Roommate situation, he's got his toys, I've got mine. Cablemodem. 2
befsr81s, etc. We are sharing the cable connection, and are set up in
the following way (mostly so his gaming traffic stays off _my_
network:
RouterA
WAN->Cablemodem->Public IP
LAN->192.168.10.0/24
His toys->192.168.10.1,2,3
RouterB
WAN->RouterA->192.168.10.254 (cabled to RouterA's LAN side)
LAN->192.168.20.0/24
My toys->192.168.20.1..etc
Routing protocol is RIP2. RouterA is set as Gateway, RouterB as
Router.
Both networks can see each other fine, both can get to the Internet.
The problem arises in that I want certain connections to certain ports
coming from the public side of RouterA to hit any of 2 machines on my
subnet, either 192.168.20.3 or .4. As an example, I set up a forward
for auth port 113 on RouterA to forward to 192.168.10.254 (connected
to the WAN port on RouterB).

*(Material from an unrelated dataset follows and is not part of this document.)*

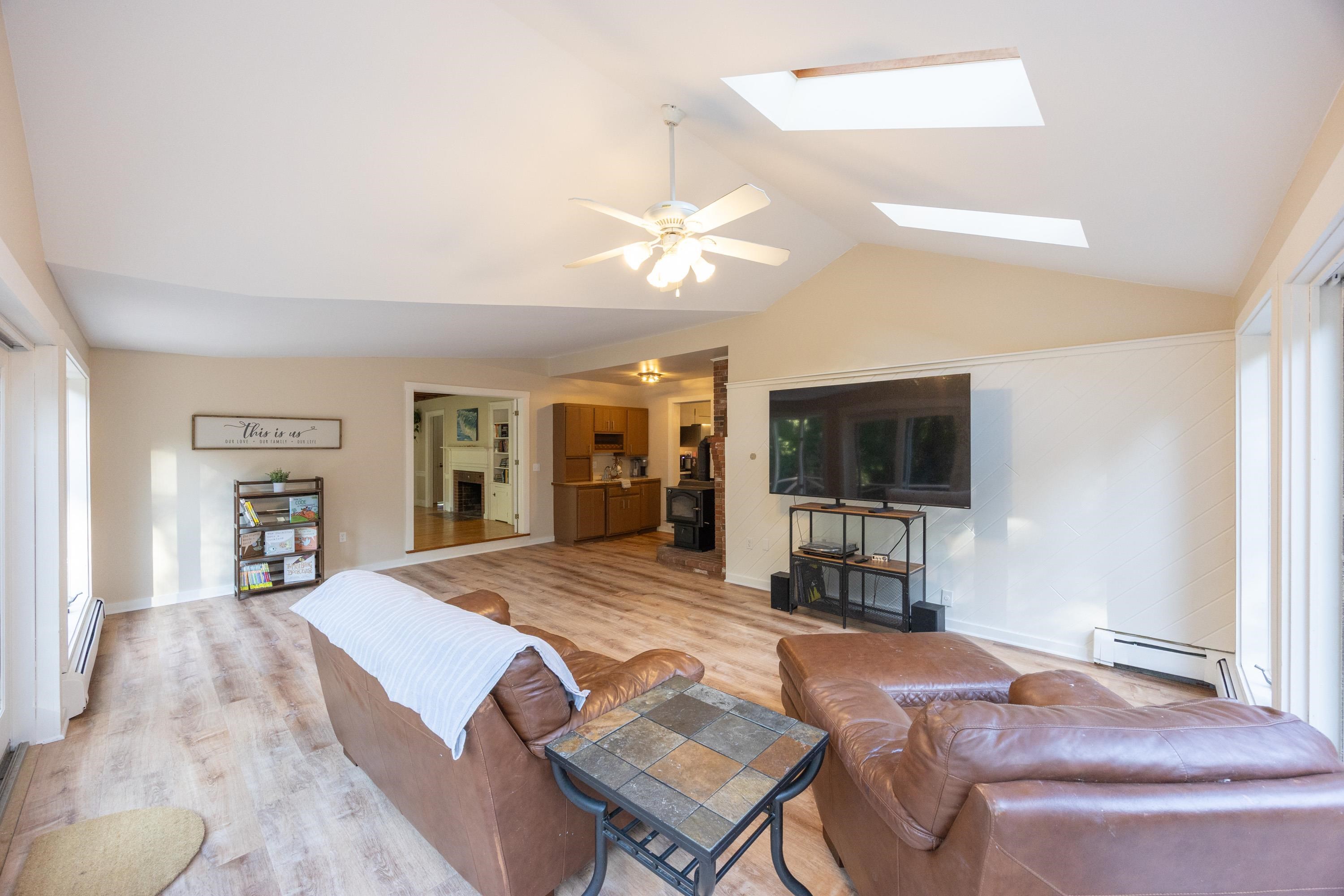 738 Robinson Road Pembroke, NH 03275 - Photo 15 of 58 Gallery Image 15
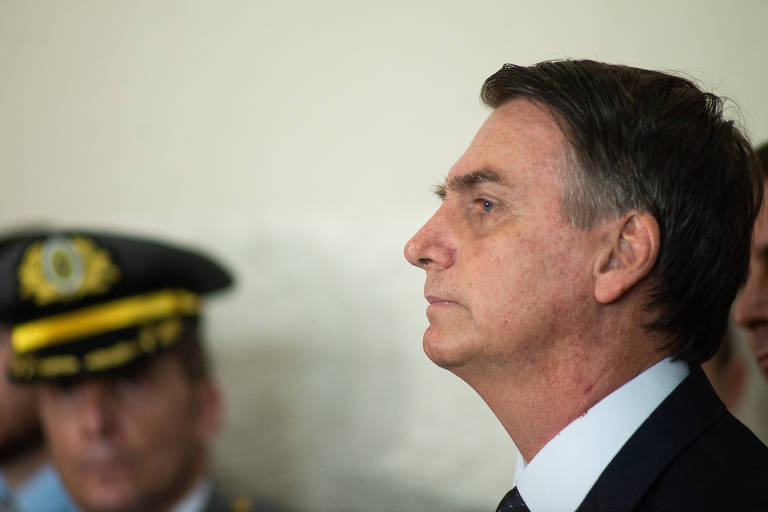Bolsonaro nomeia almirante, enfraquece ala ideológica e reforça núcleo militar no Planalto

In turn, configured forwarding on
RouterB to forward traffic inbound on that port to the intended
destination: 192.168.20.3. No luck. I have verified that RouterA is
actually doing port forwarding by forwarding 113 traffic to a host
local to its own LAN subnet, and it works just dandy.
Am I expecting too much out of these routers? Is it impossible to
maintain couple routed subnets in the house and be able to route
traffic from the Internet to a machine on another subnet? Does the
packet stop on the LAN side of the Internet router? WTF can't they
open those destination addresses up to any subnet present in the
routing tables, rather than just the local subnet?
Am I out of luck here? Any help appreciated.